▶ [Task requirements]:
Transcribe all of the records exactly, leaving every line as it is.

▶ [The data]:

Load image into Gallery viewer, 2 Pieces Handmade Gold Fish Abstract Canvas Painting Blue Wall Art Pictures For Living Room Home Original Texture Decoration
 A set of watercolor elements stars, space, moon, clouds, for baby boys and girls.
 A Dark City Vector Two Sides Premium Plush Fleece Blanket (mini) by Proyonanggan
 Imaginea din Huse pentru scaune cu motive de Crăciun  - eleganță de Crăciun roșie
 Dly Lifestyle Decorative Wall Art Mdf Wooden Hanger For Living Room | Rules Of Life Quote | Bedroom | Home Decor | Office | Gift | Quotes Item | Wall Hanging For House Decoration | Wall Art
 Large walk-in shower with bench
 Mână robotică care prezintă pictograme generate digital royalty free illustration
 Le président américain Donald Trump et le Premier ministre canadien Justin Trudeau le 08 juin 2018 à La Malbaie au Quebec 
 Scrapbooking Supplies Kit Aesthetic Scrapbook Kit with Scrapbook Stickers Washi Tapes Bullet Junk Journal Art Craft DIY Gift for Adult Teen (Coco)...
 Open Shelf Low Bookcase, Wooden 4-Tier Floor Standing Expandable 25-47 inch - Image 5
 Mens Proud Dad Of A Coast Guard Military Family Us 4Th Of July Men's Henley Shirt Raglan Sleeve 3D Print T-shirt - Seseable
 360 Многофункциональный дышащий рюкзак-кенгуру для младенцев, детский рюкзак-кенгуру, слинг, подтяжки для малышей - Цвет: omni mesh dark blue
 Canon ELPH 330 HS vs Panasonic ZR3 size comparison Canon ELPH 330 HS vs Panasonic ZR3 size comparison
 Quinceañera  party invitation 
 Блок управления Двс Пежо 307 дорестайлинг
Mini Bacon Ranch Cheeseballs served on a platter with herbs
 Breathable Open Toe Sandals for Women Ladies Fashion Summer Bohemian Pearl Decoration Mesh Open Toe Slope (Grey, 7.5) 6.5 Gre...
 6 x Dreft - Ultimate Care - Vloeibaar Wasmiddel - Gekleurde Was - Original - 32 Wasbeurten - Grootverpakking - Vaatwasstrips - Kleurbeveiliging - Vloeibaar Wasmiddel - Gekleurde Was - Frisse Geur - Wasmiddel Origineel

▶ [Response to this exercise]:
Load image into Gallery viewer, 2 Pieces Handmade Gold Fish Abstract Canvas Painting Blue Wall Art Pictures For Living Room Home Original Texture Decoration
 A set of watercolor elements stars, space, moon, clouds, for baby boys and girls.
 A Dark City Vector Two Sides Premium Plush Fleece Blanket (mini) by Proyonanggan
 Imaginea din Huse pentru scaune cu motive de Crăciun  - eleganță de Crăciun roșie
 Dly Lifestyle Decorative Wall Art Mdf Wooden Hanger For Living Room | Rules Of Life Quote | Bedroom | Home Decor | Office | Gift | Quotes Item | Wall Hanging For House Decoration | Wall Art
 Large walk-in shower with bench
 Mână robotică care prezintă pictograme generate digital royalty free illustration
 Le président américain Donald Trump et le Premier ministre canadien Justin Trudeau le 08 juin 2018 à La Malbaie au Quebec 
 Scrapbooking Supplies Kit Aesthetic Scrapbook Kit with Scrapbook Stickers Washi Tapes Bullet Junk Journal Art Craft DIY Gift for Adult Teen (Coco)...
 Open Shelf Low Bookcase, Wooden 4-Tier Floor Standing Expandable 25-47 inch - Image 5
 Mens Proud Dad Of A Coast Guard Military Family Us 4Th Of July Men's Henley Shirt Raglan Sleeve 3D Print T-shirt - Seseable
 360 Многофункциональный дышащий рюкзак-кенгуру для младенцев, детский рюкзак-кенгуру, слинг, подтяжки для малышей - Цвет: omni mesh dark blue
 Canon ELPH 330 HS vs Panasonic ZR3 size comparison Canon ELPH 330 HS vs Panasonic ZR3 size comparison
 Quinceañera  party invitation 
 Блок управления Двс Пежо 307 дорестайлинг
Mini Bacon Ranch Cheeseballs served on a platter with herbs
 Breathable Open Toe Sandals for Women Ladies Fashion Summer Bohemian Pearl Decoration Mesh Open Toe Slope (Grey, 7.5) 6.5 Gre...
 6 x Dreft - Ultimate Care - Vloeibaar Wasmiddel - Gekleurde Was - Original - 32 Wasbeurten - Grootverpakking - Vaatwasstrips - Kleurbeveiliging - Vloeibaar Wasmiddel - Gekleurde Was - Frisse Geur - Wasmiddel Origineel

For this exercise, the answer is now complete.